**WHAT THE TASK REQUIRES:** Determine the number of lines in the data below that contain the string "Tray", and respond with that number alone.

**INFORMATION GIVEN:**
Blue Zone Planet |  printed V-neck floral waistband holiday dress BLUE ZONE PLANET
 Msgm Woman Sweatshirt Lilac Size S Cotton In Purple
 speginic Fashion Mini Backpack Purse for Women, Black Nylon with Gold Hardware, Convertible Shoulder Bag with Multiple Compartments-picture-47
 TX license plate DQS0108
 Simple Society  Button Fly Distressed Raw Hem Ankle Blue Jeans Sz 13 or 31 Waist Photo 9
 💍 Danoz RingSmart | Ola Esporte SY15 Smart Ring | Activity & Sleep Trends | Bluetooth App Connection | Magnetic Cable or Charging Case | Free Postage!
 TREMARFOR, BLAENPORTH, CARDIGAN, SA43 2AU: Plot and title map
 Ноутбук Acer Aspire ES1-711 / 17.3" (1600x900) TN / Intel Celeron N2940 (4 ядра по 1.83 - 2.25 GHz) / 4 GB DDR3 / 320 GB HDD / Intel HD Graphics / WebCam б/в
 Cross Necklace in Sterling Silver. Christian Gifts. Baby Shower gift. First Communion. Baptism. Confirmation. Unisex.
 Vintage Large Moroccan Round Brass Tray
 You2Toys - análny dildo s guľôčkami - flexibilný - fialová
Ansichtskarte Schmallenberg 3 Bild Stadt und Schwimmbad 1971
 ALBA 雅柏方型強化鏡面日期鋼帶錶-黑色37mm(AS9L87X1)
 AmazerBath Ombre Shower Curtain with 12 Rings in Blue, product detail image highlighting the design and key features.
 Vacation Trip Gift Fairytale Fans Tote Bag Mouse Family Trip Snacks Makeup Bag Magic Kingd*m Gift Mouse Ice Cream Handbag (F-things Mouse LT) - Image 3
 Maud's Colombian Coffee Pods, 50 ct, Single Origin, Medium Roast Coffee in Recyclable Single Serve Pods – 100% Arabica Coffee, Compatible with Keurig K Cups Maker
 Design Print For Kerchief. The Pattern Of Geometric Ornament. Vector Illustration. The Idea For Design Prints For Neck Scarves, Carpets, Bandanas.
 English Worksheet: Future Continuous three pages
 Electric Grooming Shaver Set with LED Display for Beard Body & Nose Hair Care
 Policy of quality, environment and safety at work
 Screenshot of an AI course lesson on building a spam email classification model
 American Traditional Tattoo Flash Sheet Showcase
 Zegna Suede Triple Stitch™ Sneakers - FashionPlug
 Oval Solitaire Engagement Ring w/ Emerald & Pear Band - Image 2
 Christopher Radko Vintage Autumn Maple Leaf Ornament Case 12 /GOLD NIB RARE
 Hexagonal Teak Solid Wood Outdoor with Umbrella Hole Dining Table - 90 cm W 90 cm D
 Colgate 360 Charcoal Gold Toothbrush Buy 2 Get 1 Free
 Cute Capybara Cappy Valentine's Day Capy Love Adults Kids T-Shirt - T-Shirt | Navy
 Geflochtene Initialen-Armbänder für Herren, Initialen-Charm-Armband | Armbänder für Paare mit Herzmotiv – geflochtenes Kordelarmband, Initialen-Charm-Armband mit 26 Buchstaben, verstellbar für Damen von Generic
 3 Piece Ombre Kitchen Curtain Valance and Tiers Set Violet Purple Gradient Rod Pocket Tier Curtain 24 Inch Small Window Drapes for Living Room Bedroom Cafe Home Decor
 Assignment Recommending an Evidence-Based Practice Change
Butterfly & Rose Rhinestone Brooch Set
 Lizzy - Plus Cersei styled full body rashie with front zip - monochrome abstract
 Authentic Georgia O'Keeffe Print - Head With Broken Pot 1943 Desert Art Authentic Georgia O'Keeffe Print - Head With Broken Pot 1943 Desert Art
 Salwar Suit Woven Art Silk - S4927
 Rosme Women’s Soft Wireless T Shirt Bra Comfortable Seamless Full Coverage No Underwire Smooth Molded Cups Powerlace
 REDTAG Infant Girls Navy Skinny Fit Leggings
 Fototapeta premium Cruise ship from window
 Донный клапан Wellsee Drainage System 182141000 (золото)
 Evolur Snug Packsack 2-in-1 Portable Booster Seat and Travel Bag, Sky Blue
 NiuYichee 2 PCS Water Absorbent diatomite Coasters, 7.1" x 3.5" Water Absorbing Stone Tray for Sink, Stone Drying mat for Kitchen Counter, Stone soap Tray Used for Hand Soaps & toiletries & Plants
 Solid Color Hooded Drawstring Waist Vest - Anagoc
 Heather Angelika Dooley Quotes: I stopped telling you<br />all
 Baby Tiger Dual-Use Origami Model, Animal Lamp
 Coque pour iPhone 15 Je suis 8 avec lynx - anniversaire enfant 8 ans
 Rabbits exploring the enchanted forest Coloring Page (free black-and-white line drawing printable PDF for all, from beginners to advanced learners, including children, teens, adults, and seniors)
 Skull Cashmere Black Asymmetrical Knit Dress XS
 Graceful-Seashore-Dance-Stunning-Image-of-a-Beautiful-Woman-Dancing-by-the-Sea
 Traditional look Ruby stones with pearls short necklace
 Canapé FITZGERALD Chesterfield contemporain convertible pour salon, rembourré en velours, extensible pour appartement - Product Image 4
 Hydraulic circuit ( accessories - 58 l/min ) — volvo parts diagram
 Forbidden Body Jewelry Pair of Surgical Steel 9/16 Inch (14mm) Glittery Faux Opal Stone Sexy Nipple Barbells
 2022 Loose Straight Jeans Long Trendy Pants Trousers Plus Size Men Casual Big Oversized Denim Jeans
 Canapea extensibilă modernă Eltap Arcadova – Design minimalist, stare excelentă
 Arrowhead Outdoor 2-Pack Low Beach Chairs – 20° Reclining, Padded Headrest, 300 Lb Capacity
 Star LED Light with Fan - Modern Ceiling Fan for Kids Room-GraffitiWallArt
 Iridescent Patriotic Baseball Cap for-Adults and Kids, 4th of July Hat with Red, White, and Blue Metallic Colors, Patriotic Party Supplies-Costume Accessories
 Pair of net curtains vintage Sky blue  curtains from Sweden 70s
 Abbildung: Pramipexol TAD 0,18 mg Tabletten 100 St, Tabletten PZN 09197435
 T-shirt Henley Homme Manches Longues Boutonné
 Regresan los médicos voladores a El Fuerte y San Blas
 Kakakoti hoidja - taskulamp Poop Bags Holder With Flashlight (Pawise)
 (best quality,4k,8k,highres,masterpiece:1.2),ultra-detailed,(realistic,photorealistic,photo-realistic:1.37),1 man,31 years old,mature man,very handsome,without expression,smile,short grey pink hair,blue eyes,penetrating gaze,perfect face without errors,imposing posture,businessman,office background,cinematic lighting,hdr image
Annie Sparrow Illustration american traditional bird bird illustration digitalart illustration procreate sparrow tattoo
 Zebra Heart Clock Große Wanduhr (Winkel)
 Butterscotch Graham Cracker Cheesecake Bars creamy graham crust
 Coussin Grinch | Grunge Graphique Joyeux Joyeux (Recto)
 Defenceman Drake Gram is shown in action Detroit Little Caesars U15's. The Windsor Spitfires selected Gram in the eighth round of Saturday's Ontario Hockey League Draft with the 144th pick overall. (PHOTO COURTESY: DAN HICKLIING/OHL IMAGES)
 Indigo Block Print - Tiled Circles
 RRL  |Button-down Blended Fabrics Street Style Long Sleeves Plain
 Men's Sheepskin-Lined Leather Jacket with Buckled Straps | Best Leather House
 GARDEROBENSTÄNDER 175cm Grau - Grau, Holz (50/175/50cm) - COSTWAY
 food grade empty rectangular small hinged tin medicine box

**ANSWER SECTION:** 2